**MATERIAL PROVIDED:**
▶

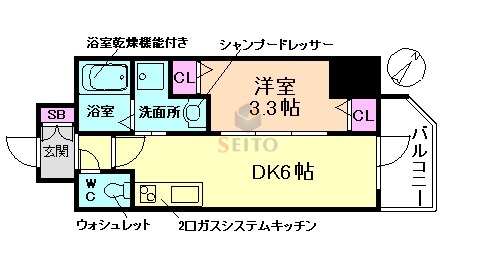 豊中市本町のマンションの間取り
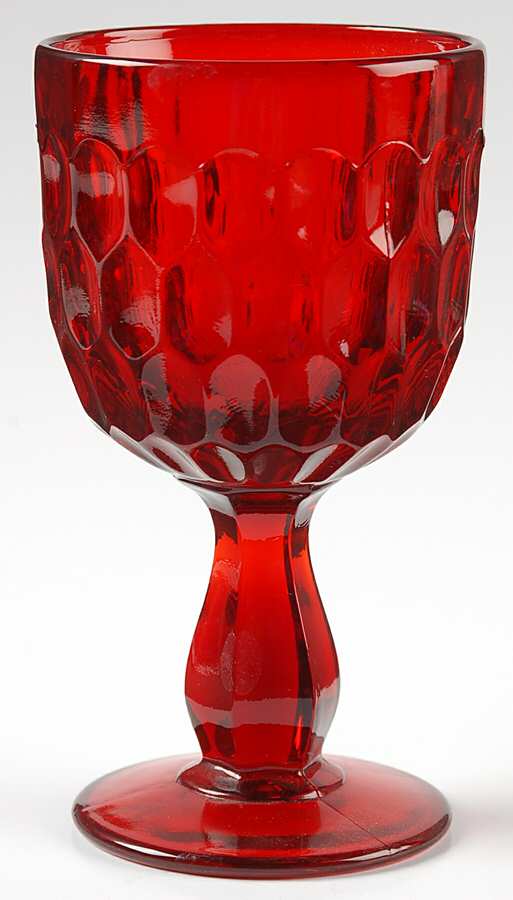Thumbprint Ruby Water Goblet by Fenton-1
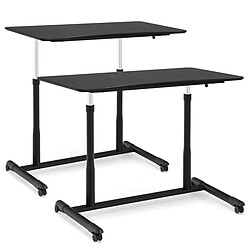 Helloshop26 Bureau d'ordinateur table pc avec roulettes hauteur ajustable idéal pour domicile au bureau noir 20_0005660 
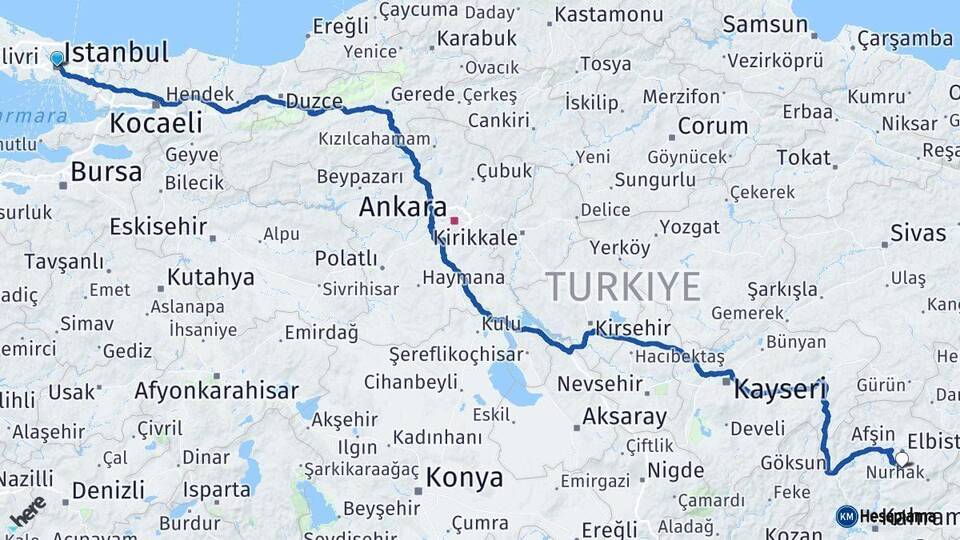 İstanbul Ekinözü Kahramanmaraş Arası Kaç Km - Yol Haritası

◀
▶

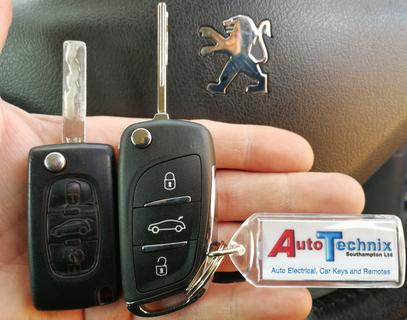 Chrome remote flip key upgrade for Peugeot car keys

◀
▶

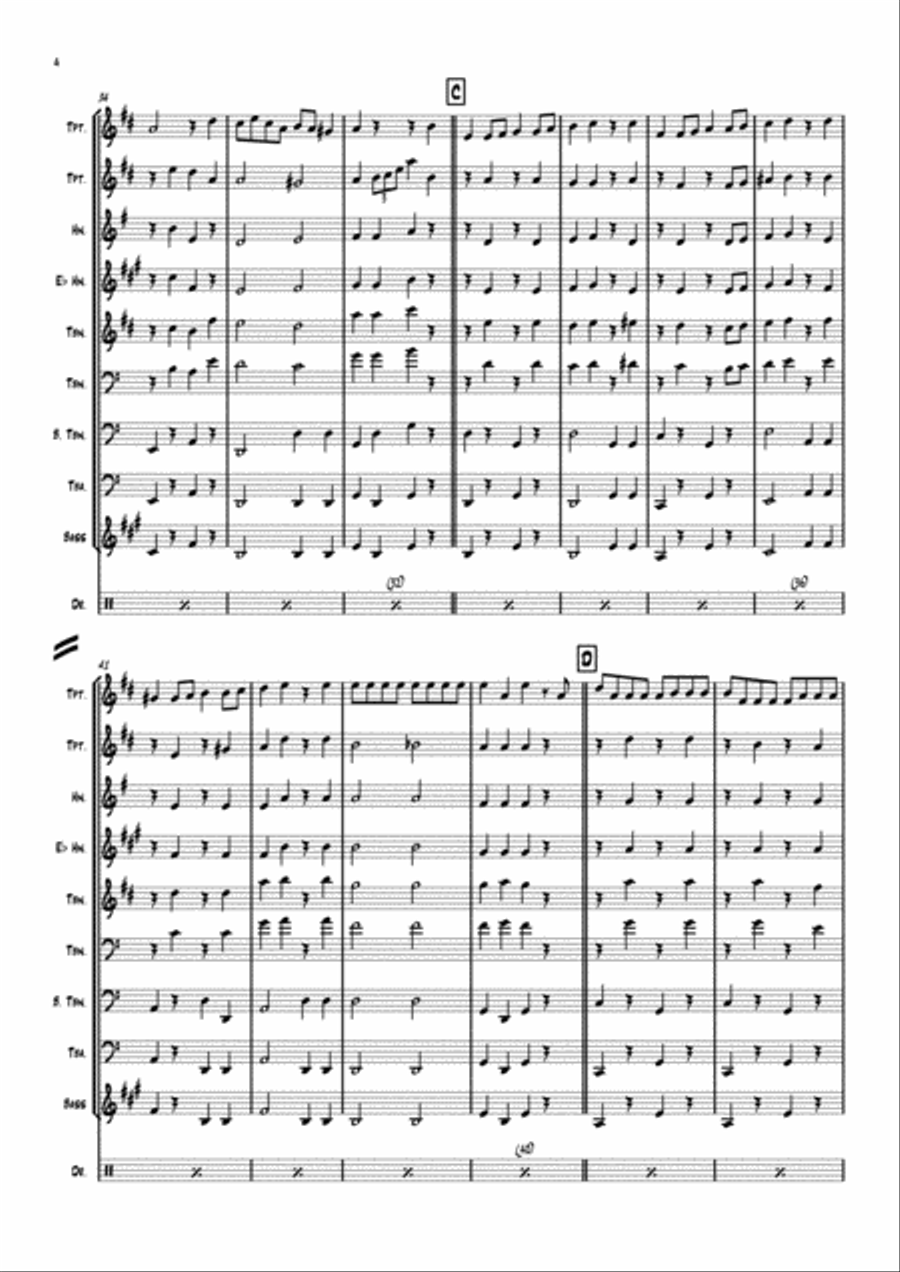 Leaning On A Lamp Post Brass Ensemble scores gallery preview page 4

◀

**PROBLEM TO SOLVE:** Return only the stretch above from the line containing "Thumbprint Ruby Water Goblet by Fenton-1" through the line containing "İstanbul Ekinözü Kahramanmaraş", word for word and without pictures.

**YOUR SOLUTION:**
Thumbprint Ruby Water Goblet by Fenton-1
 Helloshop26 Bureau d'ordinateur table pc avec roulettes hauteur ajustable idéal pour domicile au bureau noir 20_0005660 
 İstanbul Ekinözü Kahramanmaraş Arası Kaç Km - Yol Haritası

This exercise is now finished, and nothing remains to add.